By Christopher P. Hill and Will Hide.
1. The Newt in Somerset
Two decades ago, Babington House, an outpost of London’s exclusive Soho House in the Somerset hinterland, set the standard for a new breed of English country-house hotels with its relaxed and chintz-free take on a Georgian manor. So it’s only fitting that an equally game-changing property has opened just 30 minutes down the road. Perhaps there’s something in the air?
At The Newt in Somerset, that “something” is just as likely to be the spicy scent of freshly crushed apples at the on-site cidery as it is the aroma of wet meadow grass, the herbal tang of the kitchen gardens, or the whiff of mud-caked Wellingtons. This is country air as you can only imagine it, as befits a working farm. And it’s but one of many reasons to visit this magical alignment of Georgian charm, singular vision, and pastoral bounty.
Spread across 300 hectares of woodlands, orchards, and parkland near the town of Bruton, The Newt is centered on an 18th-century Palladian pile (formerly Hadspen House) built of honey-hued local limestone. When South African media mogul Koos Bekker and his wife Karen Roos bought the estate in 2013, their initial focus was on restoring its famous gardens—which in the 1970s had been the stomping ground of British gardening authority Penelope Hobhouse—as a visitor attraction. The manor house remained a private home for two years, until the couple finally decided to convert it into a hotel.

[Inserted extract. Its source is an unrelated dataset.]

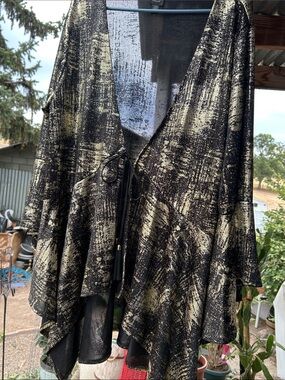 La Vanya Black and Gold Metallic Tie-Front Open-Front Cardigan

It was an ambitious project, but not unprecedented: back home, Bekker and Roos had also transformed an old Cape Dutch farmstead in the Cape Winelands into Babylonstoren, their much-lauded hotel and garden restaurant.
The results, in any case, are fabulous. Roos, a former editor of Elle Decoration South Africa, oversaw the interiors herself, complementing period elements (and a lot of meticulously restored plasterwork)with the playfulness of contemporary furnishings from the likes of Tom Dixon and Sebastian Herkner for Ames. The 13 guest rooms in the main house are kept serene and simple with walls of aqueous green or gray and not a drapery or extraneous cushion in sight. There are another 10 rooms in a onetime granary and in outbuildings flanking the estate’s old horse yard. This is where I stayed, in a former stable whose original clay cobbles, hay feeders, and tack pegs had somehow been reworked into a cozy chamber complete with all the mod cons. Adding to the quirk, mounted above my bed was a tapestry-covered horse head by French artist Frédérique Morrel, whose “taxidermy” sculptures are also hung in the drawing room next to gilt-framed Georgian portraits and flower-petal-like chairs by Milan-based designer Patricia Urquiola.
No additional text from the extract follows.